In July 1934 Dorothy Campbell Hurd took permanent possession of the Griswold Trophy – her third victory in the Shenecossett Country Club annual invitational at New London Connecticut. Then in September she won the classic Berthellyn Cup and created an all time record of four triumphs in the series of invitational events conducted by the Huntingdon Valley Country Club, Abington PA. Dorothy continued to play through the 1930s winning the 1938 U.S. Senior Women's Championship at the age of 55.

In 1937, she was married to Edward L. Howe, chairman of the Princeton N.J. Bank and Trust Company but they divorced in 1943. Two years later Dorothy Campbell Hurd Howe was visiting friends in Beaufort (SC) when she was killed while changing trains at Yemussee for the New York bound express.
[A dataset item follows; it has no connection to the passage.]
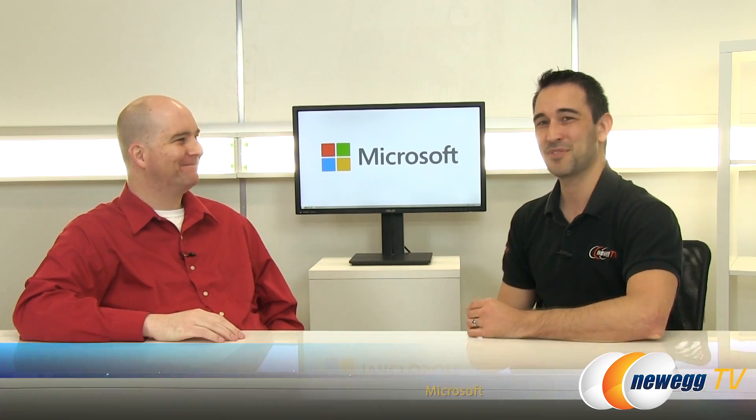The next video we're doing is going to be on the better version — Build a Server Better Edition — so stay tuned for that video also coming up. Eric, thank you so much for taking the time to speak to us today. Thank you guys also for watching, and we'll see you in the next video.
She was en-route to the home of her daughter-in-law Mrs Sigourney Hurd of Pleasantville (NY) whose husband was a staff sergeant with the army in the Philippines. Dorothy was 61 years old when she died and remains the finest amateur golfer ever to emerge from North Berwick. The Ladies Professional Golf Association (LPGA) was founded in 1950 and Dorothy Campbell Hurd Howe was elected to the Women's Golf Hall of Fame as a charter honouree at Augusta Country Club.